In its compliance bulletin issued on October 8, 2015, CFPB warned that the routine industry practice of entering into MSAs could trigger RESPA’s prohibition on kickbacks or referral fees. RESPA prohibits, among other things, providing something of value to any person with an agreement or understanding that the person will refer back business related to a real-estate-settlement service. Though the bulletin does not downright outlaw MSAs as per se illegal, it does serve to warn title insurance, mortgage, real estate and settlement services professionals to proceed with caution in light of the imminent and severe consequences that will arise by entering into a noncompliant agreement.
Though such agreements have become a norm in the real estate servicing industry, CFPB is aggressively cracking down on alleged kickback schemes. On September 30, 2014, CFPB ordered a Michigan title insurance agency to pay a civil money penalty of $200,000 for illegal quid pro quo referral agreements in violation of RESPA. Four months later, on January 22, 2015, CFPB took action against two of the nation’s largest banks for “illegal mortgage kickbacks”, imposing fines of $35.7 million after loan officers traded referrals for cash and marketing services. In February, CFPB fined another lender $2 million over a marketing agreement the lender had with a veteran service organization. In June, CFPB fined yet another lender $109 million for mortgage kickbacks in the form of reinsurance payments from insurers to which the lender had referred customers.

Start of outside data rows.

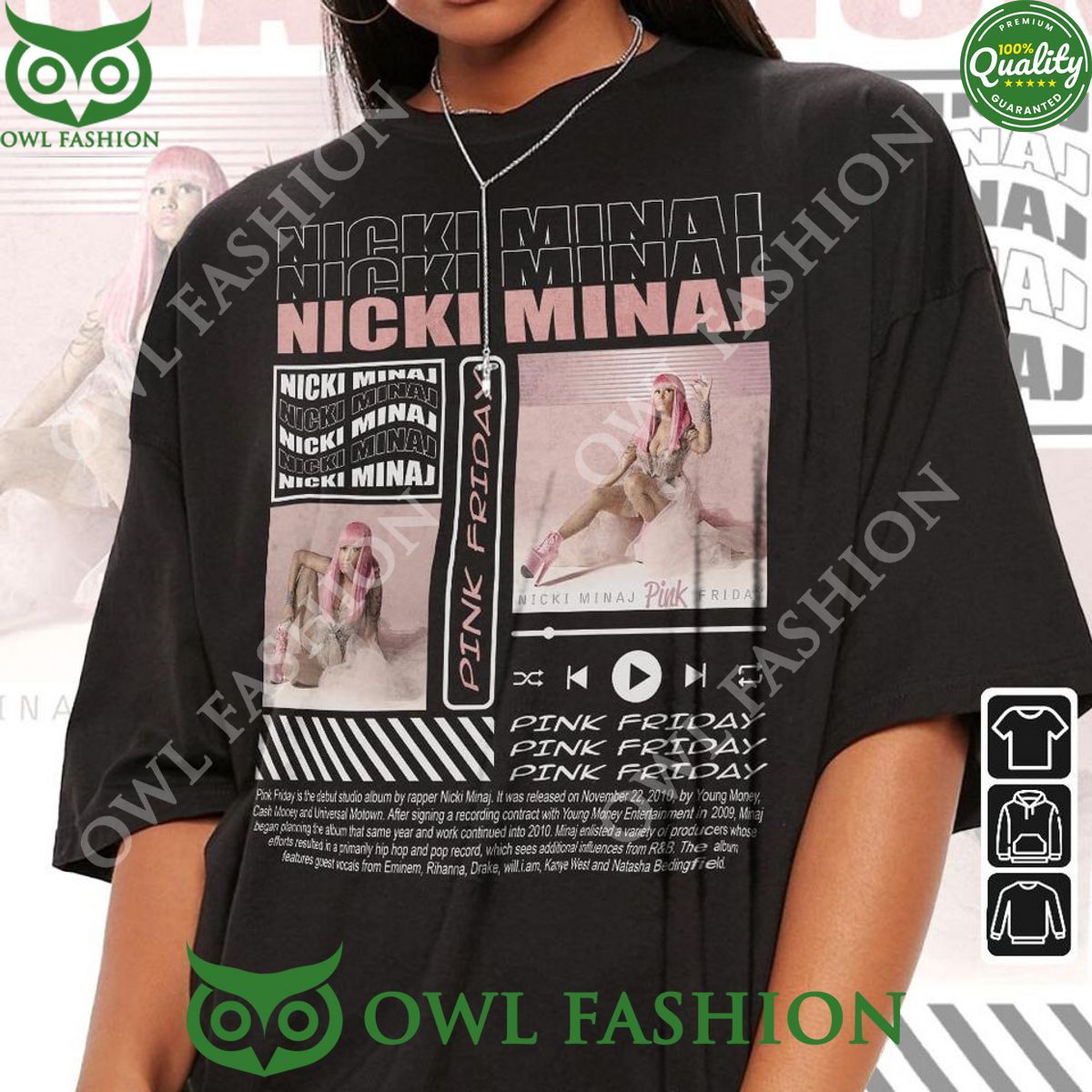 Nicki Minaj Rap Pink Friday Album - Adult & Kids T-Shirts, Sweatshirts & Hoodies apparel design preview 1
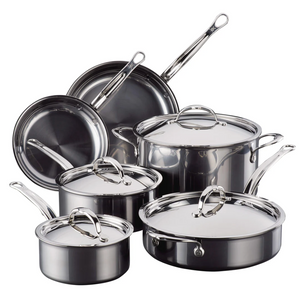 The Hestan NanoBond Titanium Ultimate Cookware 10-Piece Set offers exceptional heat conduction with ProCore aluminum, featuring three pots with lids, two pans, and one sauté pan with a lid—all with durable metal handles.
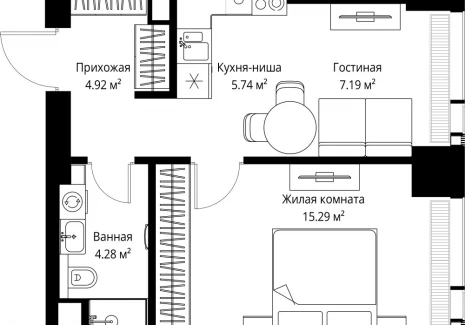 1-комнатная квартира - ул. Верейская, 29/42 / ЖК ВЕЕР - фото 1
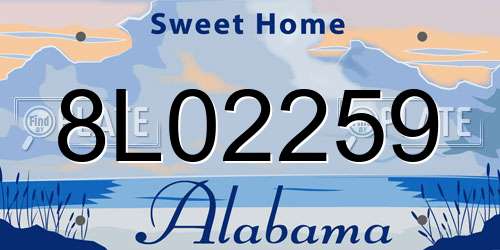 8L02259 Alabama License Plate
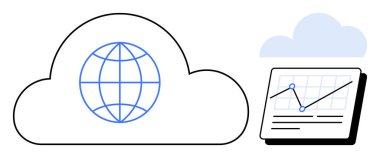 Bağlantı simgesini temsil eden küre simgesine sahip bulut, performans gösteren cihazda analiz grafiği. Teknoloji, ağ oluşturma, bulut depolama, veri görselleştirme, küresel iletişim, yazılım için ideal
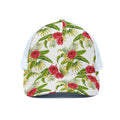Aloha Hibiscus Tropical Pattern Print White Mesh Trucker Hat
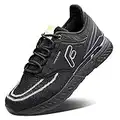 Extra Wide Fit Trainers for Men Gym Running Shoes Comfortable Walking Sneakers for Plantar Fasciitis Flat Feet, Black, 7 UK X-Wide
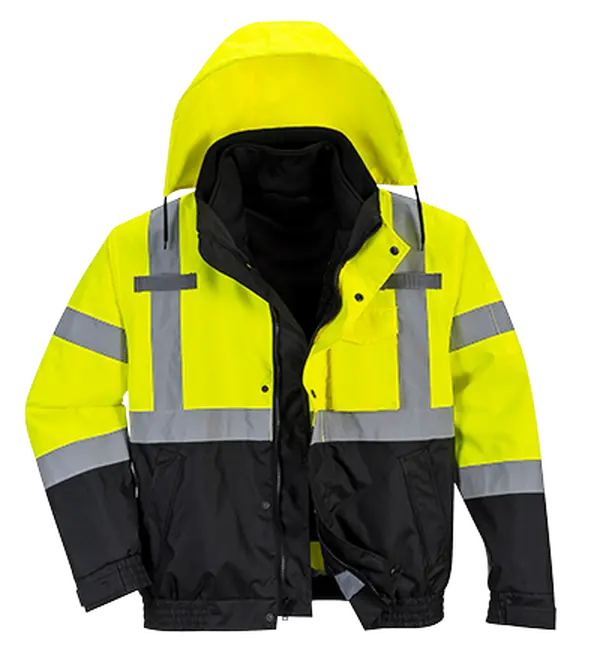 Portwest US365 3XL Hi-Visibility Premium 3-in-1 Waterproof Bomber Jacket, Yellow & Black - Regular
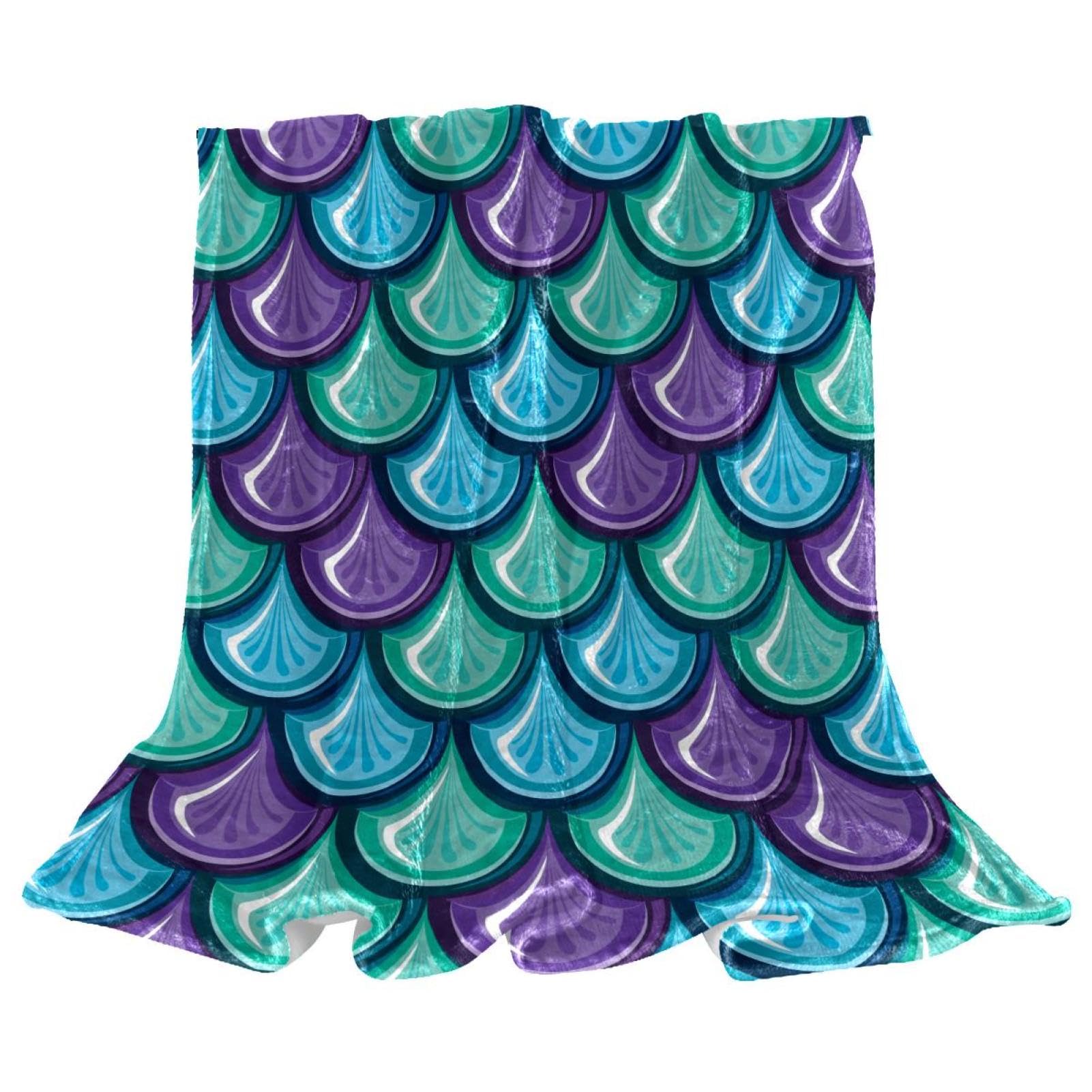 Couverture Polaire Sirène Écailles Bleues 150x200cm en Microfibre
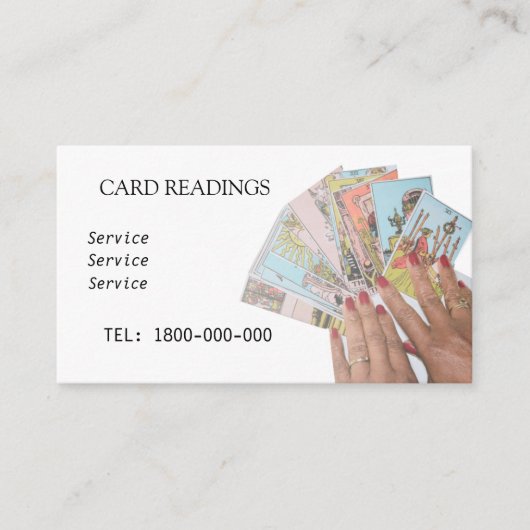 VISITE CARTE ÉDITABLE DE LECTURE DE TAROT (Devant)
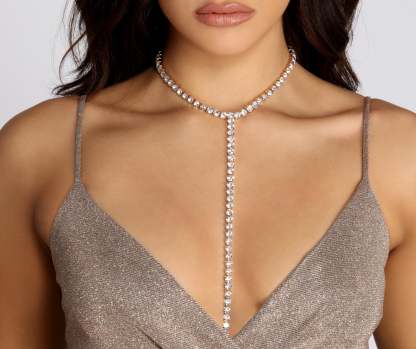 I Like To Be Extra Rhinestone Choker Lariat - Lady Occasions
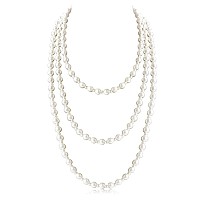 Aisansty Long Pearl Necklace For Women Layered Cream White Faux Pearl Beads Strand Necklace Costume Jewelry69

In its Compliance Bulletin, CFPB provides several examples of RESPA violations it has encountered in investigating kickbacks and referral fees, including a settlement service provider’s failure to disclose its affiliate relationship with an appraisal management company and did not inform customers that they had the option of shopping for services before directing them to the affiliate. In another case, an MSA was structured such that fees were based, in part, on how many referrals the settlement service provider received and how much revenue was generated by those referrals. While the bulletin does not indicate a bright-line test for legality of MSAs, it does indicate that there is a very high threshold that must be met for an MSA to not violate RESPA. Nonetheless, CFPB explained, “In [its] experience, determining whether an MSA violates RESPA requires a review of the facts and circumstances surrounding the creation of each agreement and its implementation. The nature of this fact-intensive inquiry means that, while some guidance may be found in the Bureau’s previous public actions, the outcome of one matter is not necessarily dispositive to the outcome of another.” Many companies have already begun canceling their MSAs because of compliance concerns. Though it is less than clear how to perfectly construct an MSA that passes CFPB muster, industry members should conduct an in-depth assessment of their current and prospective MSAs with their counsel to avoid the costly consequence of noncompliance.